(Data listing begins)

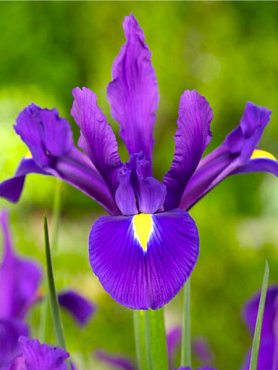 Ирис голландский Purple Sensation 8/+ (5 шт)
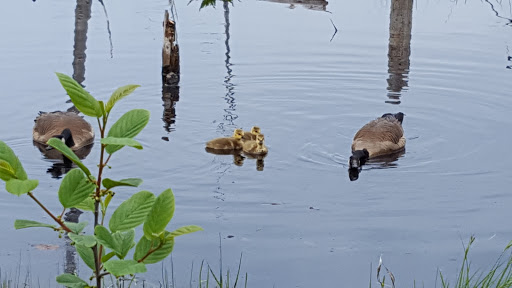National Reserve «Assabet River National Wildlife Refuge», reviews and photos, 680 Hudson Road, Sudbury, MA 01776, USA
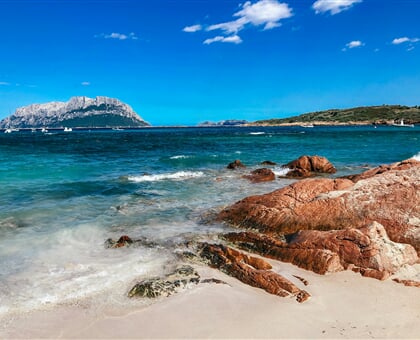 filiz elaerts isNrB0I7mPI unsplash Sardinien, Alghero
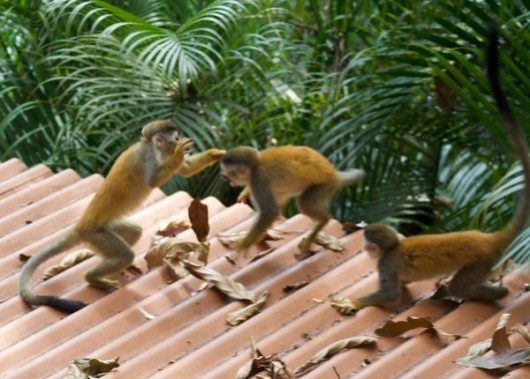 Naughty Monkeys Having Fun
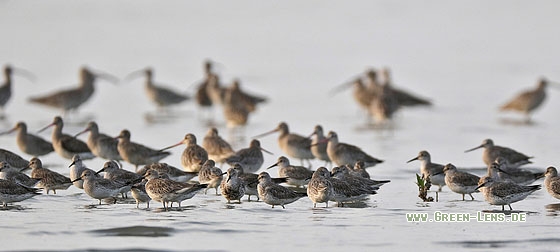 Großer Knutt - Copyright Stefan Pfützke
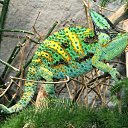 ���� ��������, ������ - ��������� 14 ������ 2011 � ������ ����������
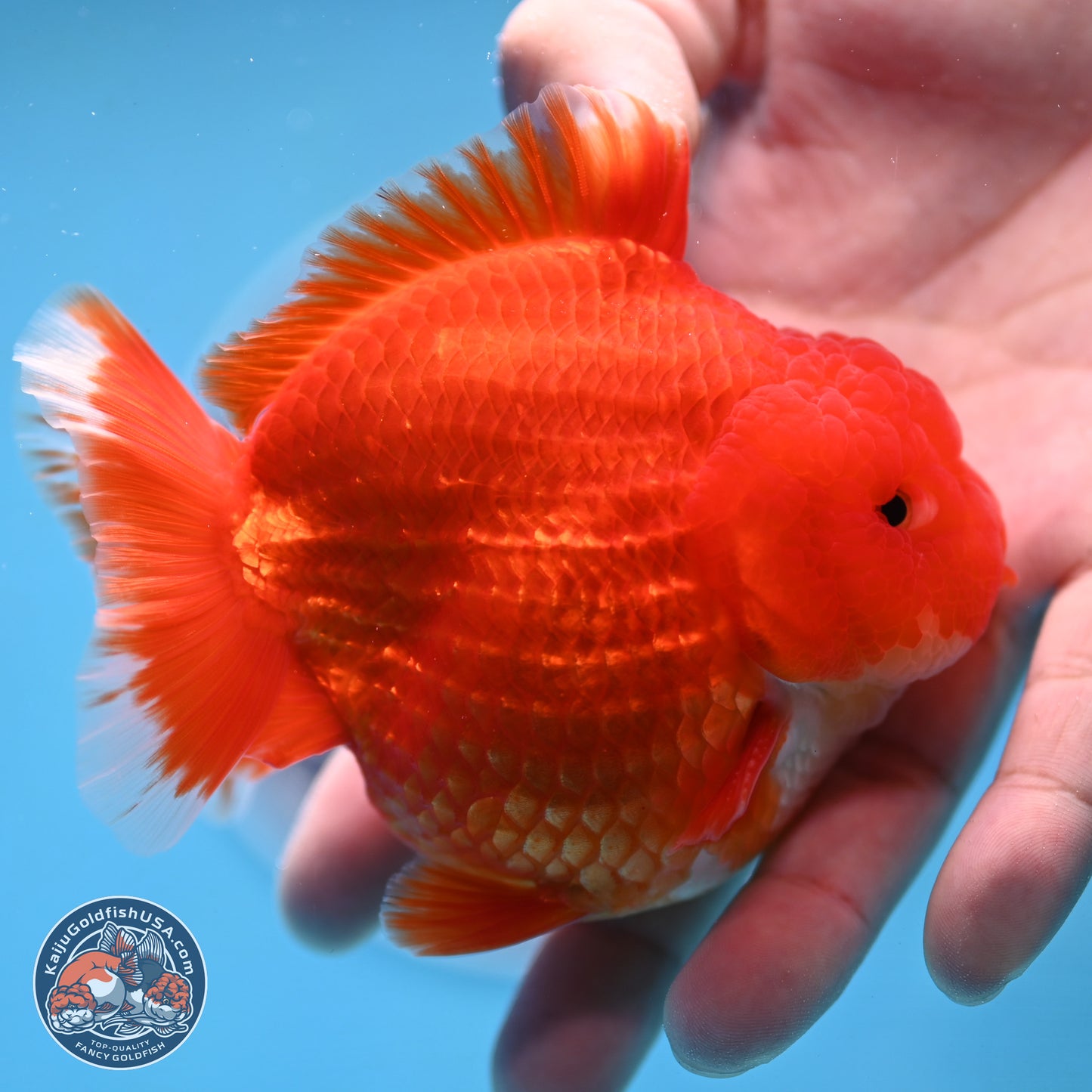 Red White YuanBao Oranda 3.5 inches Body - Male (250103_OR07) - Kaiju Goldfish USA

(Data listing ends)

> [Exercise aim]:
Your copy must reproduce the entries above in full, without their pictures.

> [Answer section]:
 Ирис голландский Purple Sensation 8/+ (5 шт)
National Reserve «Assabet River National Wildlife Refuge», reviews and photos, 680 Hudson Road, Sudbury, MA 01776, USA
 filiz elaerts isNrB0I7mPI unsplash Sardinien, Alghero
 Naughty Monkeys Having Fun
 Großer Knutt - Copyright Stefan Pfützke
 ���� ��������, ������ - ��������� 14 ������ 2011 � ������ ����������
 Red White YuanBao Oranda 3.5 inches Body - Male (250103_OR07) - Kaiju Goldfish USA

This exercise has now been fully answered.